Timing: When to Issue Proceedings Badges
Unlike attendance badges that go out during or immediately after the conference, proceedings badges follow the publication timeline:
- Conference ends: Finalize the accepted papers list
- Camera-ready deadline: Authors submit final versions (typically 2-4 weeks post-conference)
- Publisher processing: The proceedings publisher formats and indexes the papers (2-8 weeks)
- DOIs assigned: Each paper receives its persistent identifier
- Badge issuance: Once DOIs are active, issue badges with embedded links
This means proceedings badges typically go out 4-12 weeks after the conference. Communicate this timeline to authors so they know the credential is coming.
Integrating with Academic Identity Systems
Proceedings badges gain extra value when they connect to the author's broader academic identity. Support for these integrations makes your badges more useful:
- ORCID: Authors can add Open Badges to their ORCID record, creating a link between their identifier and the conference credential
- Google Scholar: While badges can't be directly added, the DOI link in the badge helps Google Scholar correctly attribute the paper
- Institutional repositories: Authors can deposit the badge alongside the paper in their university's research repository
- LinkedIn: IssueBadge generates share-ready links that add the badge directly to LinkedIn's certifications section
Measuring the Impact of Proceedings Badges
Track how authors engage with their badges to evaluate the program:
- Claim rate: What percentage of authors opened and claimed their badge? Aim for 60% or higher.
- Share rate: How many badges were shared on professional platforms? Track LinkedIn shares specifically.

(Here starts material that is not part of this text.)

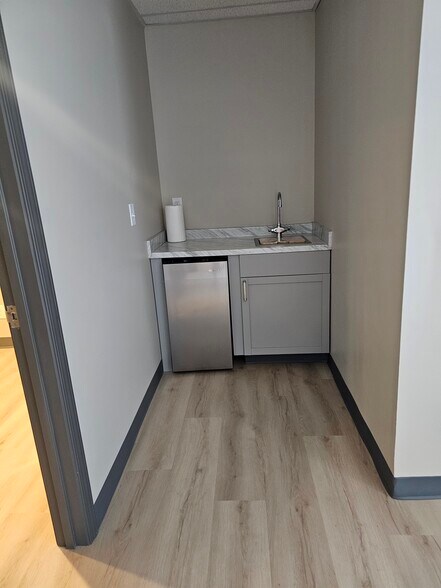 More Photos Of 10600-10628 W 87th St, Overland Park Office For Lease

- Verification views: How many times were badge verification pages visited? High view counts indicate third parties are checking credentials.

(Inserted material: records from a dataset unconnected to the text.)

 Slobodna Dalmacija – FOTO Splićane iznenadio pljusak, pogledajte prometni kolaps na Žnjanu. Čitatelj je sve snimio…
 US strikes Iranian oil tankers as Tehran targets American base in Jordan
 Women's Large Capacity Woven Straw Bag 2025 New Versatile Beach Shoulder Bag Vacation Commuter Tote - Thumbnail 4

- DOI click-through: How many verification page visitors clicked through to the actual paper? This measures whether the badge drives readership.
These metrics help you justify the badge program to your steering committee and refine the approach for future editions.
Issue Proceedings Badges with DOI Integration
Create verifiable publication badges for every author in your proceedings. Link to DOIs, customize designs, and distribute at scale.
Start Issuing BadgesFrequently Asked Questions
What is a digital proceedings badge?
A digital proceedings badge is a verifiable credential issued to authors whose papers are published in conference proceedings. It links the author to the specific paper, often including the DOI, and can be shared on professional profiles.
Should every author on a multi-author paper receive a badge?
Yes. Each listed author should receive their own individual badge. The badge metadata can indicate their position in the author list (first author, corresponding author, etc.) if relevant.
Can I include the DOI link directly in the badge?
Yes, and you should. Embedding the DOI in the badge metadata creates a direct link between the credential and the published work. When someone views the badge verification page, they can click through to the actual paper.
When should proceedings badges be issued relative to the conference?
Issue them after the proceedings are officially published, which may be days or weeks after the conference. Waiting ensures that the DOI and publication links are active and the badge contains accurate metadata.
Are proceedings badges compatible with ORCID profiles?
If your badges follow the Open Badges standard, authors can add them to their ORCID profiles as supplementary materials. Some badge platforms also support direct ORCID integration for automatic profile updates.